Roberto (Pier Francesco Favino) è un agiato farmacista che convive con Alba (Monica Bellucci) senza esserne veramente innamorato. Ha un fratello gay, Carlo (Michele Alhaique), al quale è molto legato, che invece è innamoratissimo di Yuri (Glen Blackhall). Sarà proprio la grande prova d’amore che Carlo dimostrerà verso il suo compagno che contribuirà a muovere le acque nella vita stagnante di Roberto.
Grande merito, almeno per noi, di questo film è proprio quello di presentarci una intensa storia d’amore gay perfettamente integrata e sostanziale nella struttura del film. Finora, in Italia, ci era riuscito solo Ozpetek, e i riferimenti al suo cinema sono quasi obbligati davanti a quest’opera intimista, storia di sentimenti e desideri che riempiono la nostra quotidianità.
Definire questo film un film gay non è azzardato. Un’opera gay non deve essere un’opera che taglia fuori tutto quello che non è gay. Al contrario, per non cadere nello stesso peccato del cinema che da sempre ci esclude, deve essere un film capace di guardare alla realtà nel suo complesso, nella sua varietà, senza pregiudizi o censure precostituite.
Carlo ci è presentato come una persona assolutamente normale, perfettamente inserito nella famiglia e nell’ambiente, coi problemi di tutti, il lavoro soprattutto, e la fortuna di avere incontrato l’amore, quello che può durare tutta la vita.
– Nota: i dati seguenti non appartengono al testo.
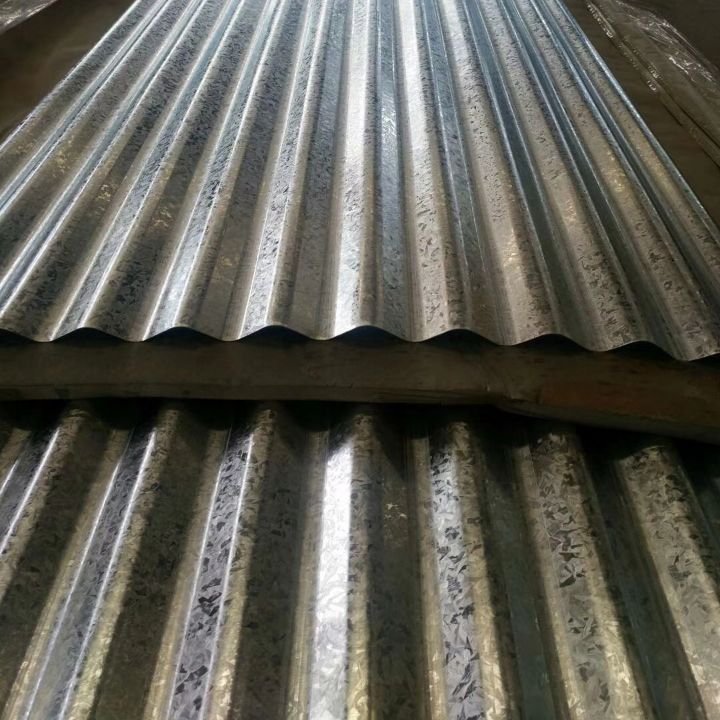 1.2mm galvanized 14 26 32 gauge corrugated metal steel roofing sheets for sale price in sri lanka ppgi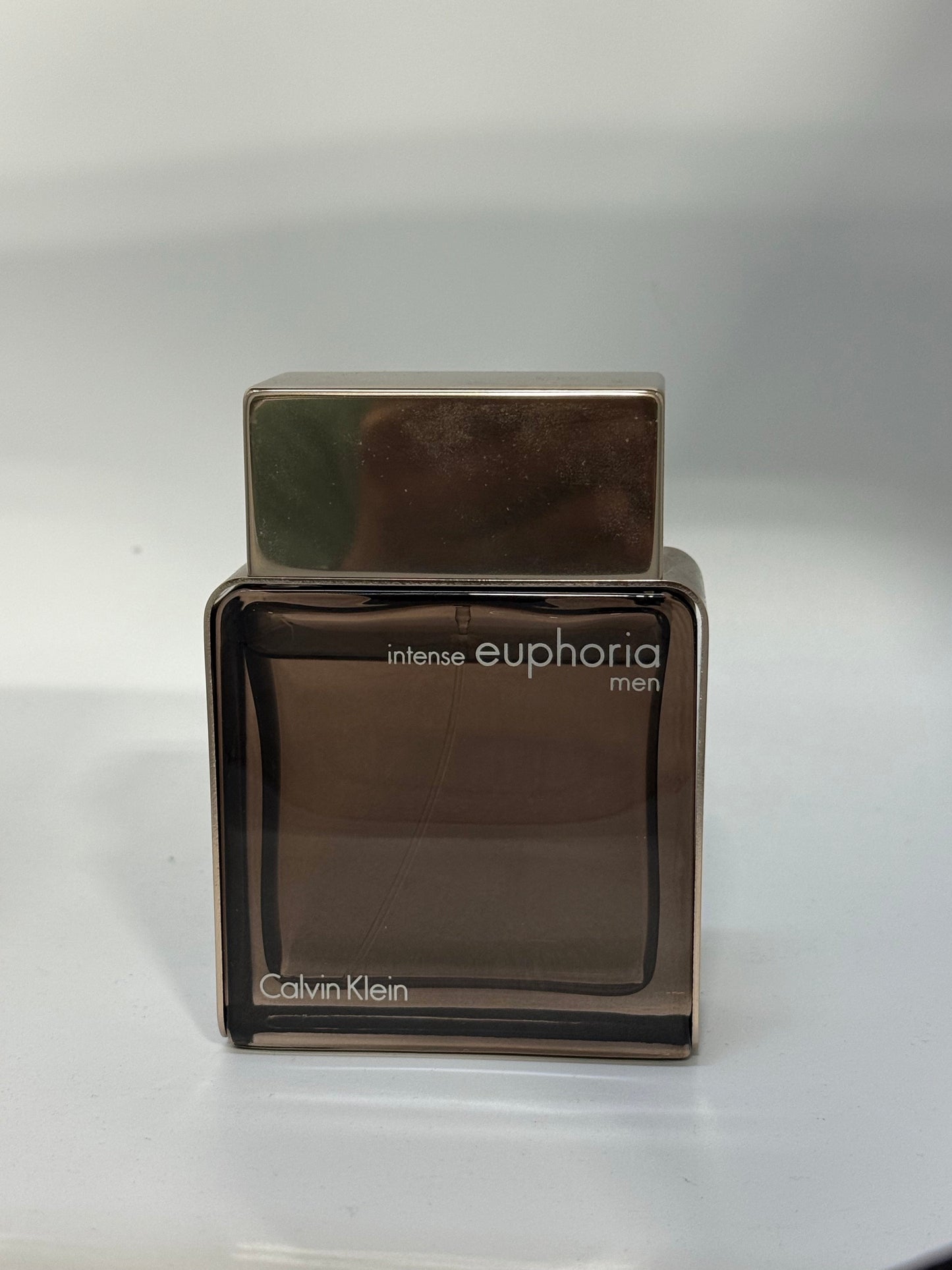 Calvin Klein Intense Euphoria Eau de Toilette Unboxed Tester Spray for Men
Quando decide che è venuto il momento di fare il coming out in famiglia, lo fa con una semplicità disarmante (anche se a noi è venuta la pelle d’oca) e la reazione dei genitori settantenni è da manuale. La lettera che lascia al fratello prima di essere operato (scusate se qui ci siamo lasciati vincere dall’emozione) ci conferma che siamo davanti ad un personaggio con una statura morale invidiabile. L’esempio di vita e d’amore che offre al fratello etero non può lasciare quest’ultimo indifferente. L’uomo che ama esiste, ce l’ha davanti. Ma ad amare, si sa, bisogna essere in due…
Un breve cenno alla struttura del film, che alcuni critici hanno giudicato superflua, e che invece a noi è sembrata aiutare molto la riflessione, dilatandola, su quanto avviene sullo schermo. Il film infatti, evitando i flashback, ci mostra all’inizio la storia che invece sarà la conclusione della vicenda. Questa cosa non toglie interesse, anzi l’accentua perché ci permette di comprendere meglio, col senno di poi, quanto sta accadendo. Purtroppo questa cosa è possibile solo al cinema.
Ci sembra doveroso un grosso grazie a Maria Sole Tognazzi che, contrariamente ad altri che si sono detti stanchi di richiamarsi al mondo gay, ha coraggiosamente scelto di usarci come pietra di paragone, come modello, proprio nel terreno, quello dell’amore di coppia, che trova ancora tanti assurdi ostacoli nella nostra legislazione.
Non possiamo evitare una meritata lode anche a tutti i protagonisti del film, Favino in testa (che ci regala pure una bella panoramica del suo posteriore proprio all’inizio del film), ma anche al convinto Michele Alhaique, alle sfortunate Bellucci e Rappoport e ai favolosi genitori Piera Degli Esposti e Arnaldo Ninchi (che tutti vorremmo adottare).